Suppose a system uses a base class Bird with member functions altitude() and fly(), where fly() promises that the bird's altitude() will be greater than zero.

 class Bird { public:   int altitude() const;     // PROMISE: Returns this Bird's current altitude   virtual void fly();     // PROMISE: altitude() will return a value > 0   virtual ~Bird(); }; Bird::~Bird() { } 

Can an Ostrich class inherit from Bird? Unfortunately, ostriches can't fly (that is, the altitude of an ostrich remains at zero when it tries to fly). Despite its intuitive appeal and regardless of how many other member functions are inheritable, deriving Ostrich from Bird causes problems. The problems stem from the inherent incompatibility of the following statements.

  1. The altitude of every Bird will be greater than zero when it flies ("all birds can fly").

  2. Ostrich is a kind-of Bird.

  3. The altitude of an Ostrich remains zero after it flies ("ostriches cannot fly").

At least one of the statements must be false; they cannot be simultaneously satisfied. We examine the impact of invalidating each of the three statements. Note that there is no correct solution; the particular situation dictates whichever is best (or perhaps least bad).

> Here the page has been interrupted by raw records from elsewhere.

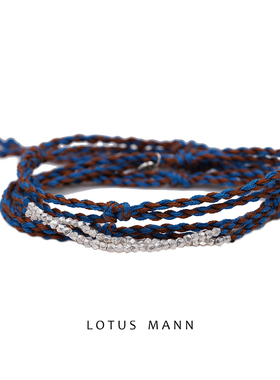 张子枫.星级单品Lotus Mann中世纪蓝.手打银珠.祈愿手链项链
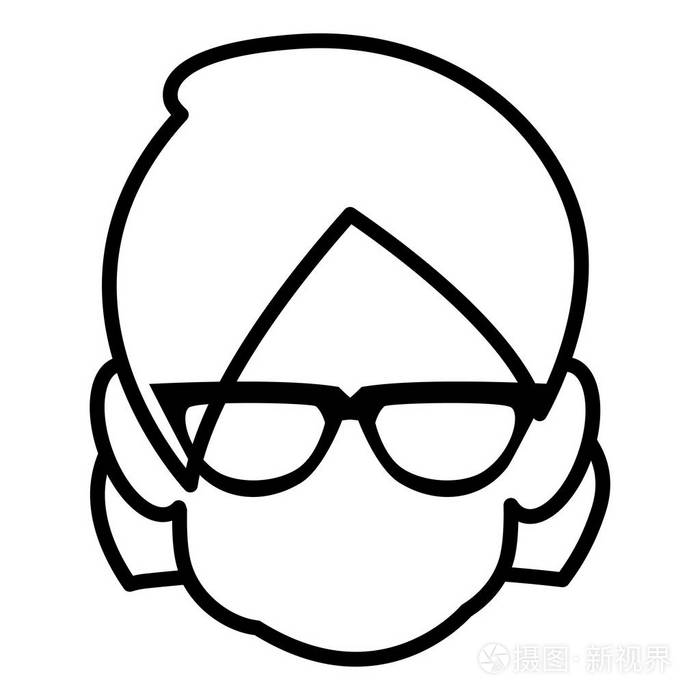 美丽的女人头头像字符插画-正版商用图片16klm1-摄图新视界
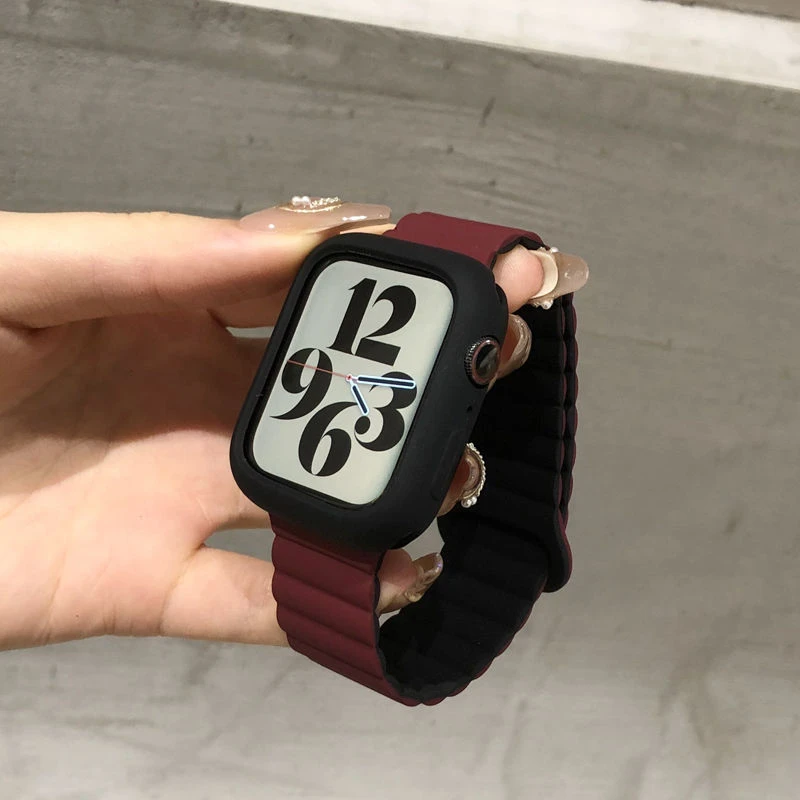 适用applewatch8苹果s10手表iwatch11简约休闲SE硅胶磁吸表带男女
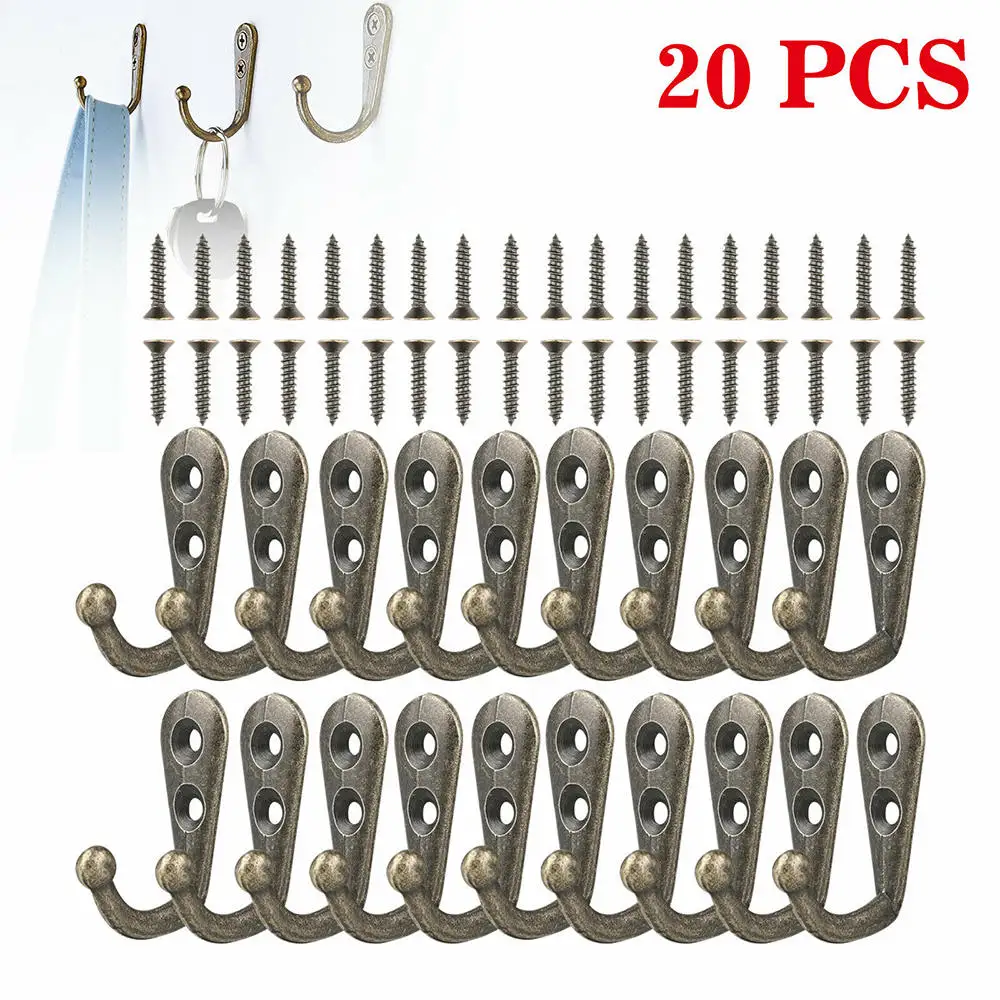 

20pcs Wall Mounted Hook Single Robe Coat Hat Holder Key Hanger With 40 Pieces Screws Home Storage Hook Organize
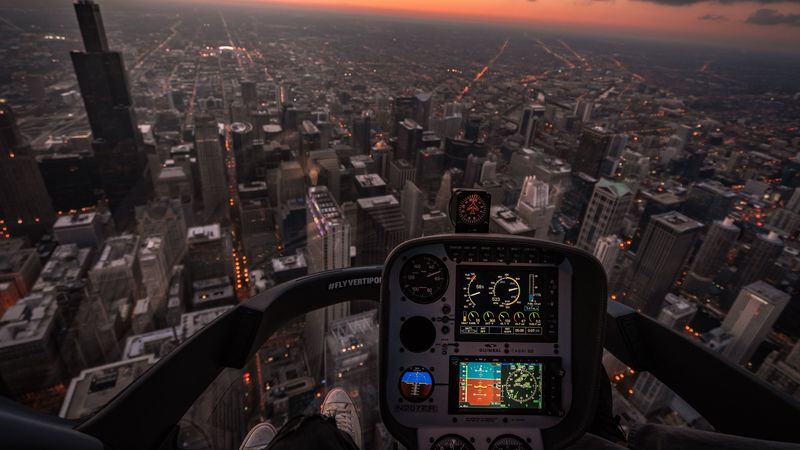 aircraft, aviation, aerial view, city, flight, cockpit, management, 4k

  • Invalidating statement 1 requires changing the behavior of Bird to remove the promise that the bird's altitude will be greater than zero when it flies. Unfortunately, this breaks existing user code that relies on the original behavior. In a small system, it might be feasible to change all the user code that is broken, but in large systems this is usually not a practical alternative.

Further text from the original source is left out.